04 March 2012
1911 Corset Sew Along Final Fitting
Once I put the whole corset together, it is time to lace it up and try it on to see if I need to trim or cut off the the top and bottom edges. By the time of the Edwardian era, corsets had become longer in their lines, and had more of a focus on smoothing lines and the S curve rather than the hourglass waist. The top of this particular style of corset rises over the chest line without covering the whole bust. The bottom covers the hips. The boning ends at the top of the hip so you can sit down.

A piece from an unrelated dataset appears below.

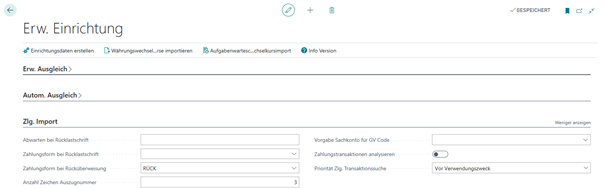 Erw. Einrichtung Register Zlg. Import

I am pretty satisfied with the lines and the fit of this corset! The top softly hits at the bottom of the bust giving a little bit of lift. The bottom curves over the hips with a bit of a curve upward in the front and the back. The flat steel boning curves nicely along my body without stabbing anywhere, and clears the chair when I sit down. As a matter of fact, it is surprisingly comfortable. The one thing with this corset as opposed to my more victorian styled corsets, is that the long line makes it more difficult to lace up by myself. I can see why one would need a lady's maid to help get dressed and undressed.
I bound the top and bottom with plain navy satin. Traditionally, you might have lace trim at the top. I decided to forgo the lace since I like clean lines, and the stripes are busy enough already.
The last part is the flossing. This the embroidery at each end of the boning to keep it from moving around in its casing. The victorians had some very elaborate flossing, but most of the corsets in the edwardian era were more plain and simple. I used this corset as the inspiration for my flossing design. I bought both silver and navy embroidery floss to see which looked best.
Navy won out. The silver looked bad (too bad to bother taking a photo).
This corset has both 1/4" and 1/2" flat steel boning in it. I made X's over the 1/2" bones.